For my final project I made a companion light for my online show Dumpster Fire.

Instructables link: https://www.instructables.com/Garbage-Light/

video link: https://youtu.be/8EvMQiX6GAA

Dumpster Fire?
Dumpster Fire is an online show that airs on transmissionpit.com. Each episode is made of ‘found footage’ that is less found and more directly sourced from other media artists.

Each episode airs only once, and never again.

https://carmeldeberg.myportfolio.com/dumpster-fire-online-show

Since the show online runs once, I wanted to create a very easily DIY-able light that would act as a countdown timer for when the show will start, and then be a companion light show during the episode.

Viewers can follow the instructables and send me their board info. I add all the participating boards into my Arduino cloud, and five minutes before the show starts, I trigger the code to be transmitted to the Arduinos.

My cat was very concerned with what was going on:

Working on my circuit:

My code:

// Include the NeoPixel library

#include <Adafruit_NeoPixel.h>

// Define the pin where the NeoPixel data line is connected

#define LED_PIN 6

// Define the number of LEDs on your NeoPixel strip

#define NUM_LEDS 8

// Create an instance of the NeoPixel strip

Adafruit_NeoPixel strip = Adafruit_NeoPixel(NUM_LEDS, LED_PIN, NEO_GRB + NEO_KHZ800);

// Array of colors to cycle through

uint32_t colors[] = {

strip.Color(255, 0, 0), // Red

strip.Color(0, 255, 0), // Green

strip.Color(0, 0, 255), // Blue

strip.Color(255, 255, 0), // Yellow

strip.Color(0, 255, 255), // Cyan

strip.Color(255, 0, 255), // Magenta

strip.Color(255, 255, 255) // White

};

int numColors = sizeof(colors) / sizeof(colors[0]);

void setup() {

strip.begin();

strip.show(); // Initialize all pixels to ‘off’

}

void loop() {

for (int i = 0; i < numColors; i++) {

pulseColor(colors[i], 1000); // Pulse the current color over 1 second

}

}

// Function to create a pulsing effect

void pulseColor(uint32_t color, int duration) {

int steps = 256; // Number of brightness steps

int stepDelay = duration / (steps * 2); // Time per step

// Fade in

for (int brightness = 0; brightness < steps; brightness++) {

setStripColor(color, brightness);

delay(stepDelay);

}

// Fade out

for (int brightness = steps – 1; brightness >= 0; brightness–) {

setStripColor(color, brightness);

delay(stepDelay);

}

}

// Function to set all LEDs on the strip to a specific color and brightness

void setStripColor(uint32_t color, int brightness) {

for (int i = 0; i < strip.numPixels(); i++) {

strip.setPixelColor(i, dimColor(color, brightness));

}

strip.show();

}

// Function to adjust the brightness of a color

uint32_t dimColor(uint32_t color, int brightness) {

uint8_t r = (uint8_t)((color >> 16) & 0xFF);

uint8_t g = (uint8_t)((color >> 8) & 0xFF);

uint8_t b = (uint8_t)( color & 0xFF);

r = (r * brightness) / 255;

g = (g * brightness) / 255;

b = (b * brightness) / 255;

return strip.Color(r, g, b);

}

Reflections/next steps:

Instead of having the aluminum foil be the shell, the shell should be cardboard that is lined with aluminum foil. 

I would like to try with a different web-enabled board and led strip.
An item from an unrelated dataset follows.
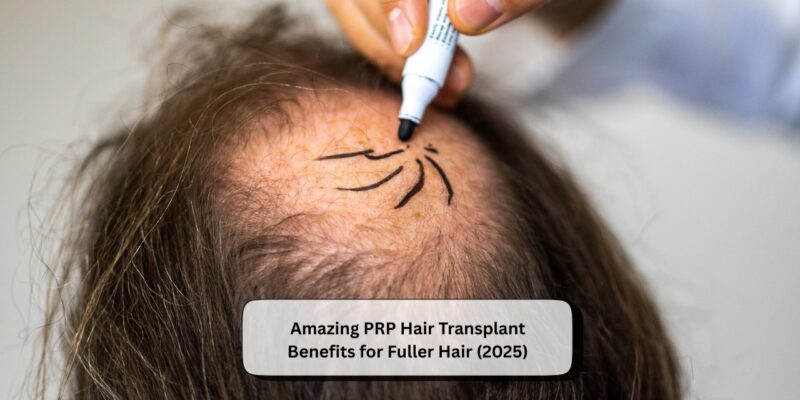PRP Hair Transplant Benefits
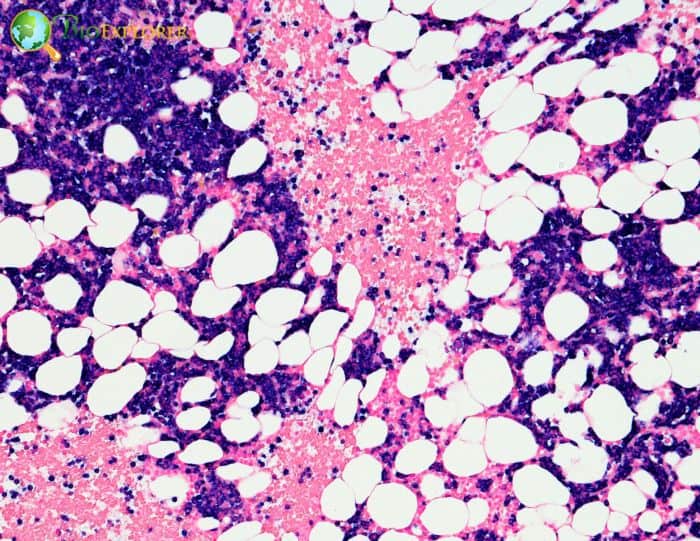 Bone Marrow Cells Bone Marrow Cells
The led strip needs to be one that has a casing as trying to adjust the sculpture Is too much for the delicate solder/wires on the pixel strip. 

I also recently taught my students an additive color theory class. As I was writing up these reflections, it has occurred to me that there is an opportunity to design the instructions for the light in a more detailed way that could also passively teach viewers some color theory as well.

https://youtu.be/2V_RTZIHois

Carmel Final project proposal

For my final project I would like to design a light box that can be made from scrap parts. This light is to go along with an online show I do called “Dumpster Fire” which takes ‘video scraps’ from other filmmakers and media artists and edits them together to form an episode that is a mix of essay film/experimental film/video art.

Link to information about the show: https://carmeldeberg.myportfolio.com/dumpster-fire-online-show

I would like to write a code to go along with each episode that is a designed light show. The light box being made from scrap parts and evoking a dumpster would be a nice way to tie it in to the process of the show.

Screenshot
Screenshot

Some inspiration on how I could achieve different lighting effects with ‘garbage’:

Carmel Plush Night Light “Long Way Home”

Final Photos:

Process photos:

For the snail I created my own pattern. After consulting with Becky, I understood the base shaped that would comprise the pattern. From there it was just test making the snail from muslin until I figured out the proper proportions for the pattern pieces and the proper sewing techniques (mainly order of assembly) for the pieces.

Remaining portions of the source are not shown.